The average percentage differences for MDG-b and MDG-c instances, presented in Table 4 and Table 5, respectively, further illustrated the supremacy of the BRKGALS in deriving high-quality solutions across varying instance sizes and characteristics. The achieved average percentage differences varied from 0.04% to 0.32% for MDG-b instances, and from 0.20% to 0.31% for MDG-c instances, showcasing the reliability and efficacy of the BRKGALS.

In summation, the experimental results unequivocally position the BRKGALS as a preeminent algorithm for the MDP, in terms of solution quality. Its impressive ability to generate solutions proximate to the optimal ones validates the practical applicability of the hybrid approach that combines the BRKGA with local search. Additionally, our findings suggest several exciting prospects for future research, including exploration of parameter tuning techniques, code optimization, and investigating the integration of local search solutions into the BRKGA metaheuristic.

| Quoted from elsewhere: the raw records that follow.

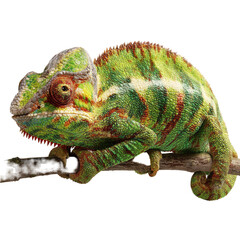 Close-up of a chameleon on a branch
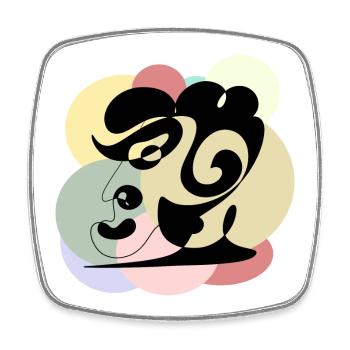 Homme au dessin au trait - Magnet carré - blanc - Devant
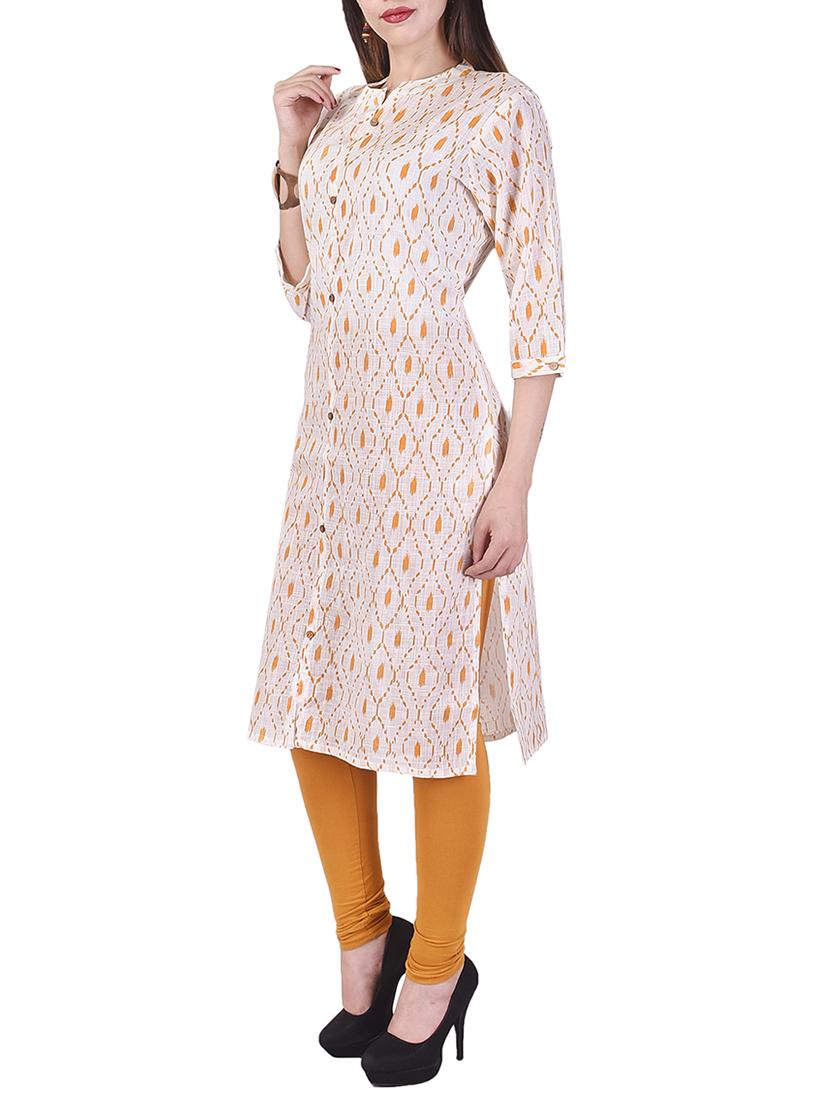 cream cotton ikat printed straight kurta - 13656110 - Zoom Image - 2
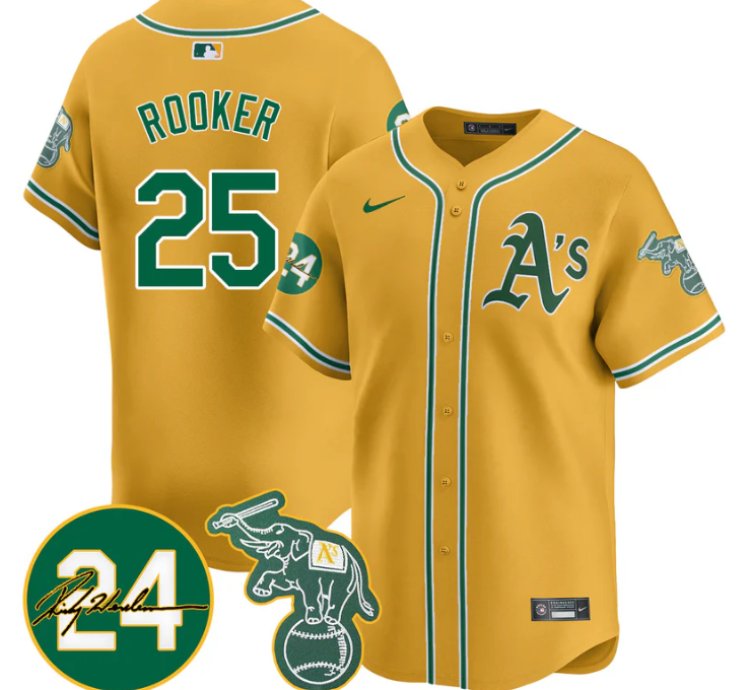 Brent Rooker Jersey 25 Oakland Athletics 2025 Rickey Henderson Memorial Stitched Yellow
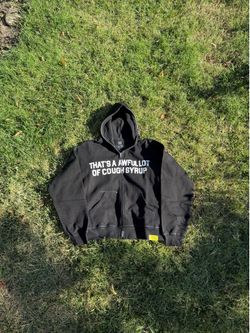 black vvs cough syrup zip up hoodie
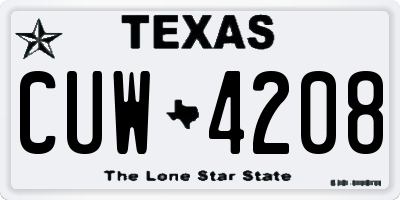 TX license plate CUW4208
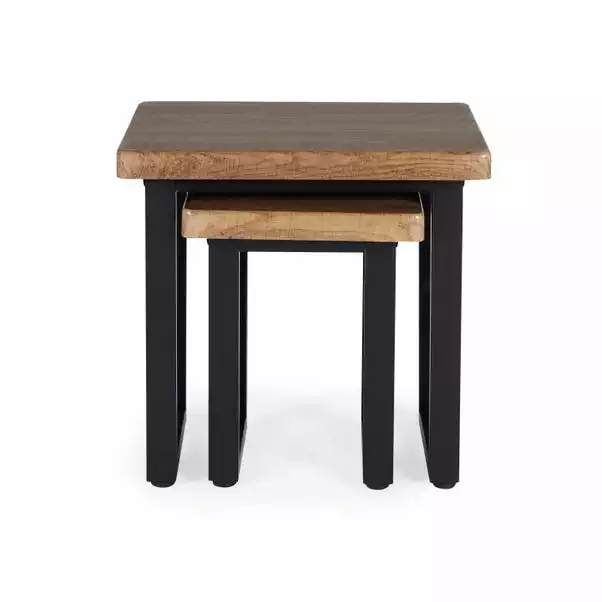 Dunelm Freddie Rustic Wood Effect Nest Of Tables 6 Dunelm Freddie Rustic Wood Effect Nest Of Tables - Image 4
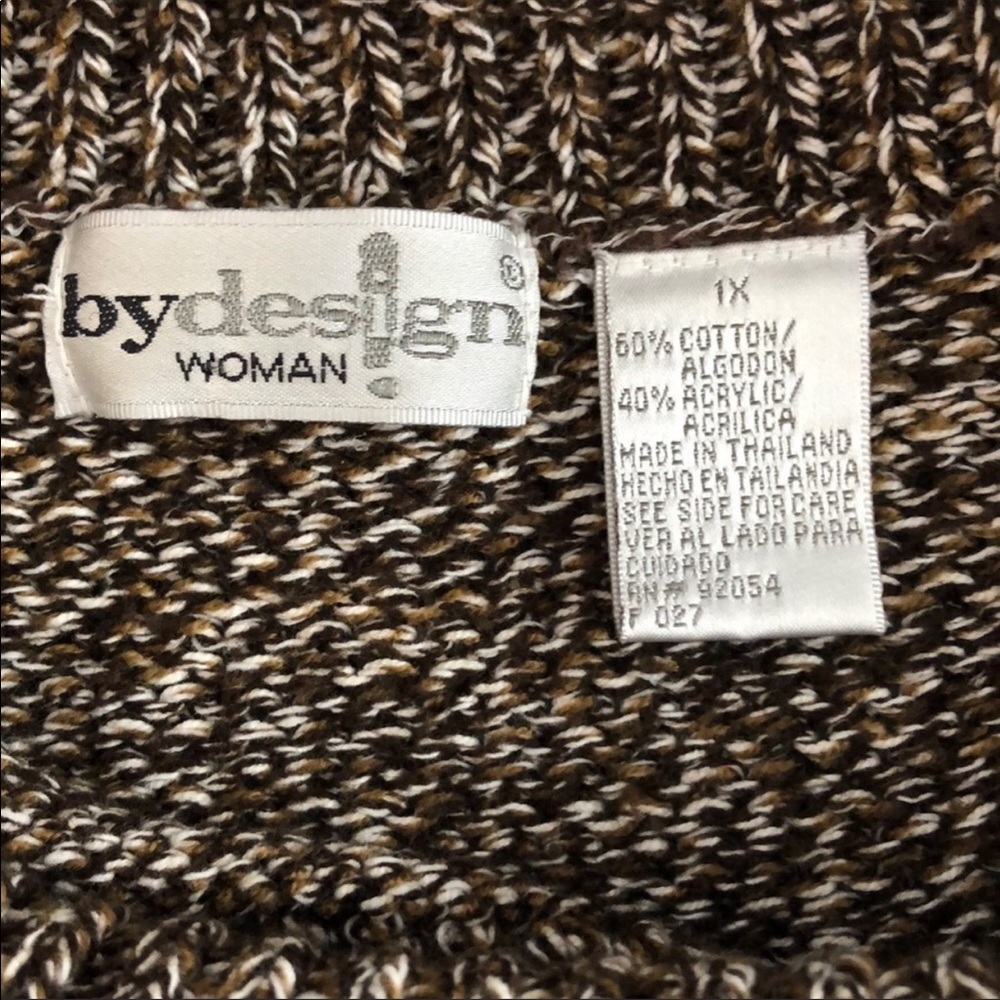 Oversize Knit Brown and White Sweater, Size 1x - Picture 5 of 5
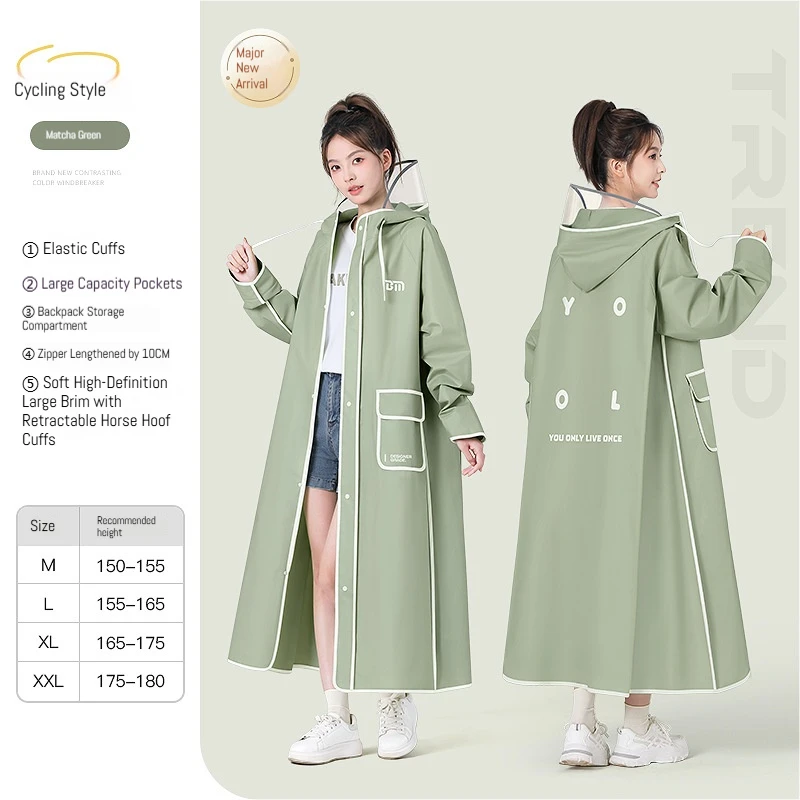 

Модный женский прозрачный мужской плащ из ЭВА, дорожный водонепроницаемый дождевик для взрослых, вмещающий рюкзак, дождевик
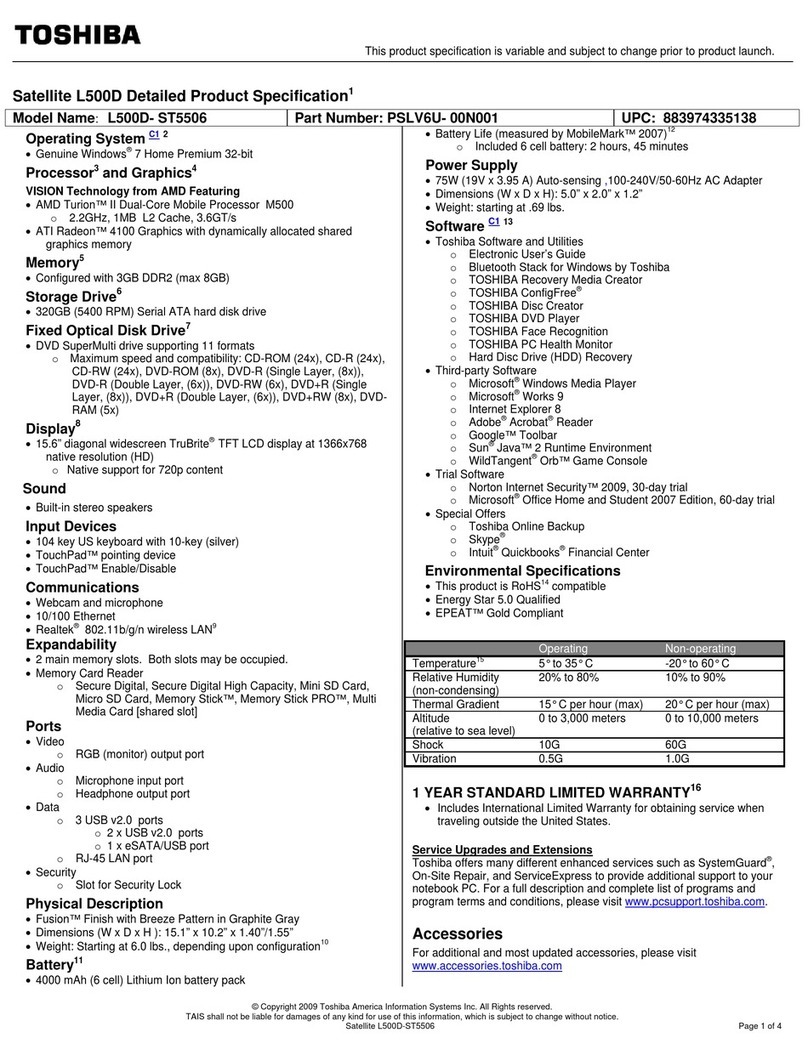 Toshiba L500D-ST5506 User manual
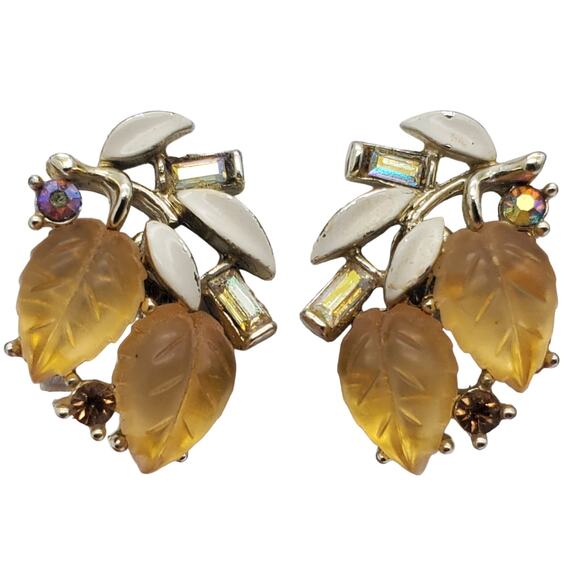 Lisner Gold Lucite Leaf Earrings Screw Back AB Rhinestone Leaves Enamel Vintage - Picture 1 of 9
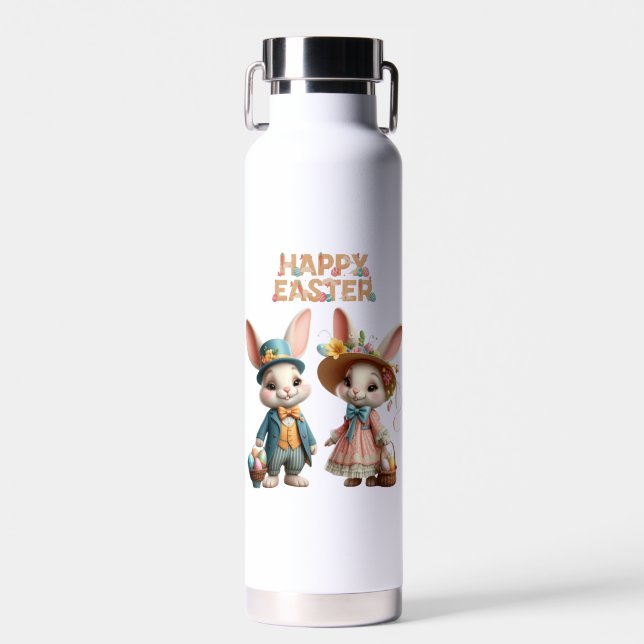 Cute, Whimsical Happy Easter with 2 rabbits Water Bottle (Front)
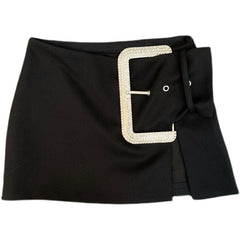 Rhinestone Buckle Mini Skirt
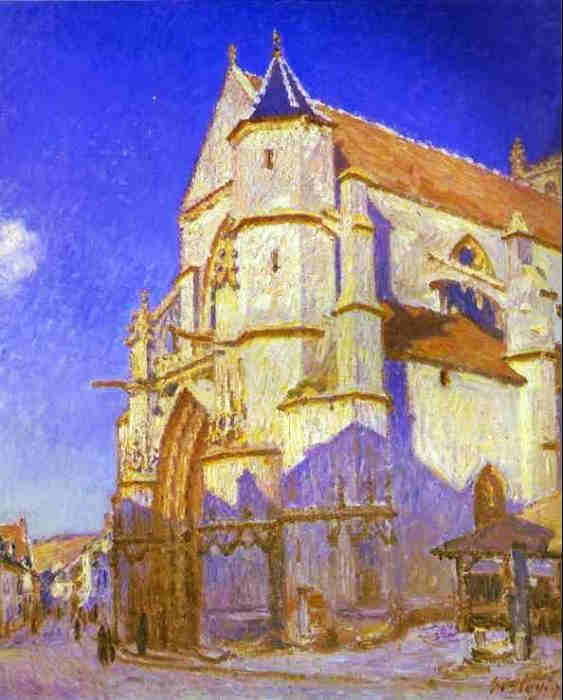 L'&eacute;glise de Moret-sur-Loing  par Alfred Sisley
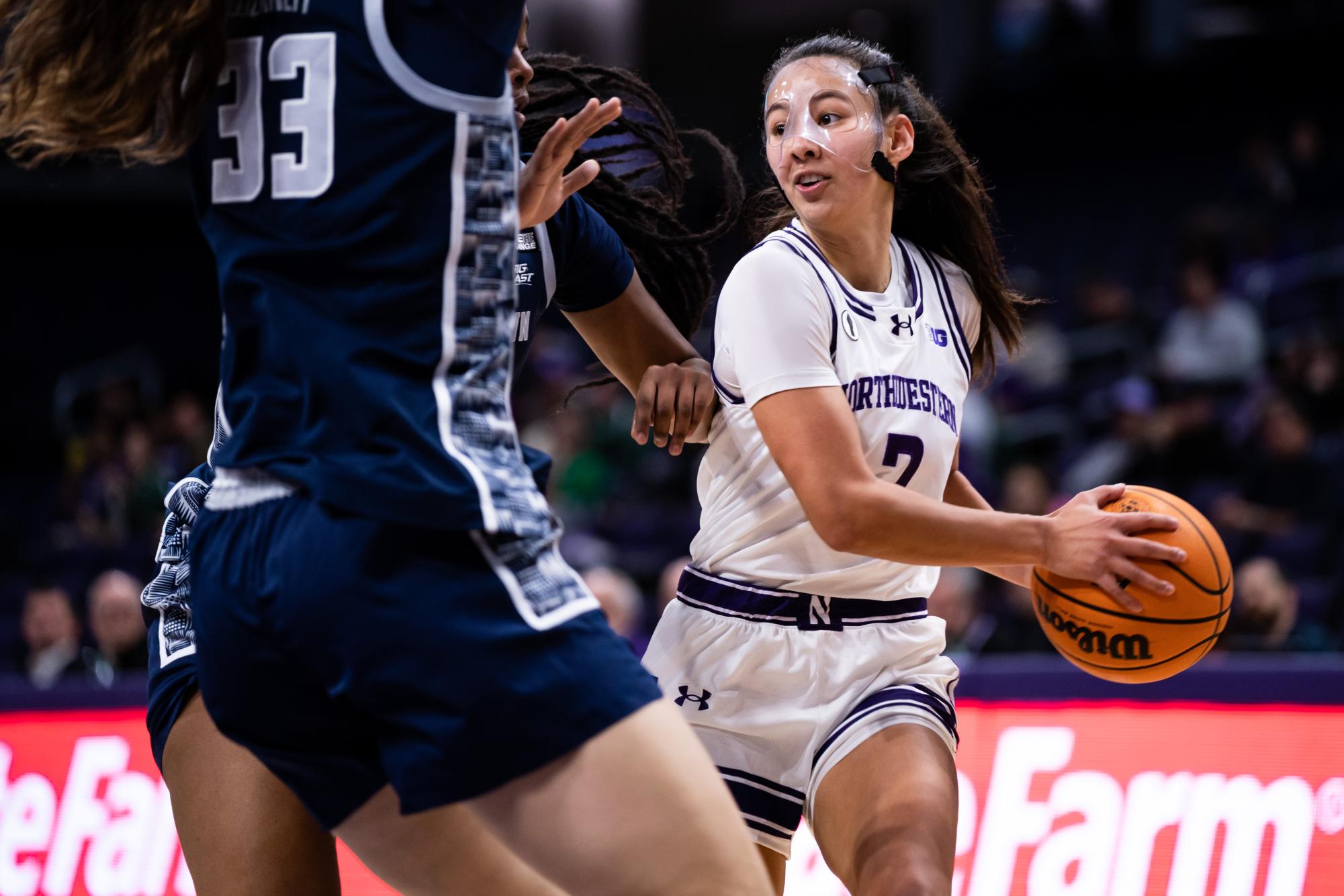 Sophomore guard Caroline Lau. Lau notched 11 points and five assists in Northwesterns 82-58 loss to Georgetown Sunday.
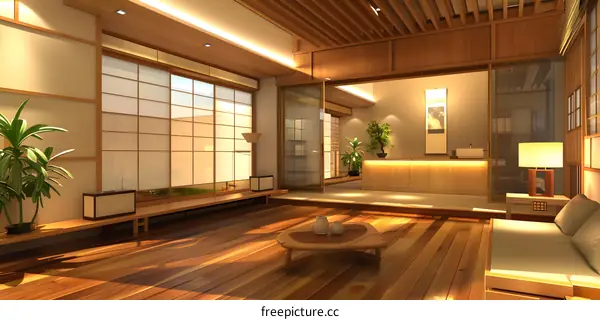 Japanese Style Interior Design Living Room With Wooden Floor and Sliding Doors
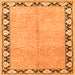 Round Machine Washable Persian Orange Traditional Area Rugs, wshtr1126org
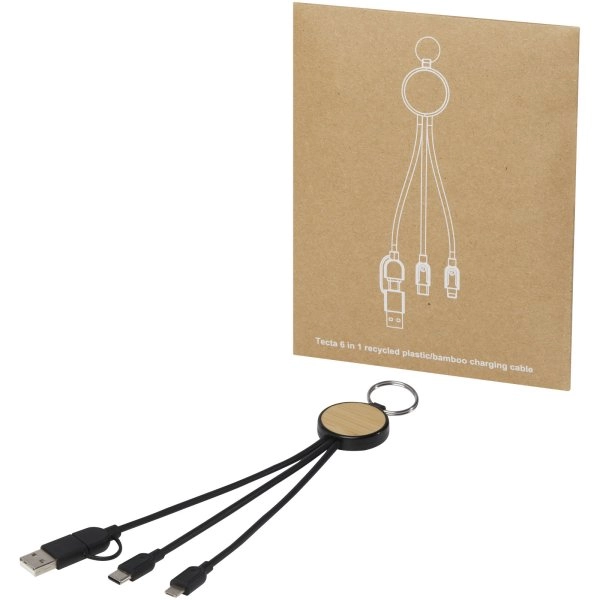 Immagine Cavo di ricarica 6 in 1 in plastica riciclata/bambù con portachiavi Tecta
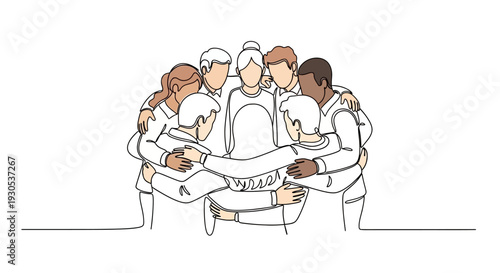 Diverse group of people in a circle hugging, unity and teamwork concept, minimalist line art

While our study utilized randomly generated datasets from MDPLib, the potential application of the BRKGALS in real-world scenarios is a promising avenue for further investigation. Note that evaluating its performance against techniques other than the BRKGA could offer a broader understanding of its effectiveness in resolving the MDP.

In conclusion, the BRKGALS emerges as a potent and efficacious algorithm, with which to tackle the maximum diversity problem’s challenges, and its exceptional performance paves the way for new advancements in this research domain.